In one of their recent studies at the Parkland Hospital Tobacco Cessation Clinic, patients who were randomized to receive standard care plus small weekly financial incentive were twice as likely to remain abstinent four and 12 weeks later, compared with patients who received standard care alone. The cost of the incentives averaged $63 per participant. Given that the first year of lung cancer treatment costs about $70,000, preventing a single case of lung cancer would cover the cost of at least five years of the financial incentives program.

In another Parkland-based nicotine cessation study, the team is testing whether delivering messages via smartphone can help patients quit smoking and avoid relapse. The messages are tailored in real-time based upon patients’ responses to select questions.

The researchers have also recently evaluated the effects of offering a small financial incentive for nicotine cessation among clients at The Bridge homeless recovery center in Dallas.
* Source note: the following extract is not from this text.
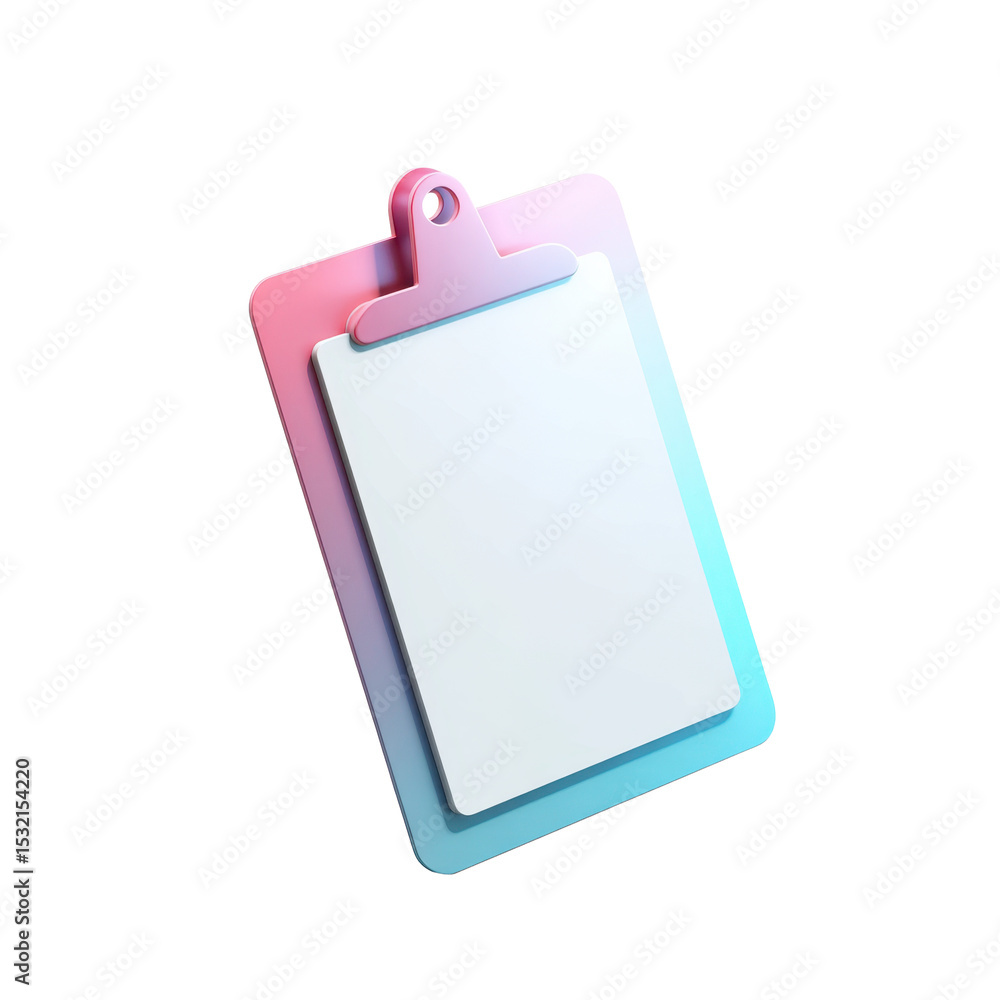 Poster transparent png icon representing a pastel colored 3d clipboard for cut and paste functionality in a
Weekly incentives during the first month after quitting—costing an average of $42 per participant—markedly increased abstinence rates at four weeks.

Earlier work by the team shed light on the difficulties that homeless shelter residents face when trying to quit, leading to a smoking ban in a large area of the shelter campus. “Homeless adults are less likely to quit smoking partially due to a shelter culture that is permissive of smoking and results in exposure to over 40 other smokers each day,” Dr. Businelle says. Residents’ support for the no-smoking area was high, and tests of exhaled carbon monoxide indicated that smoking may have declined after the change was implemented.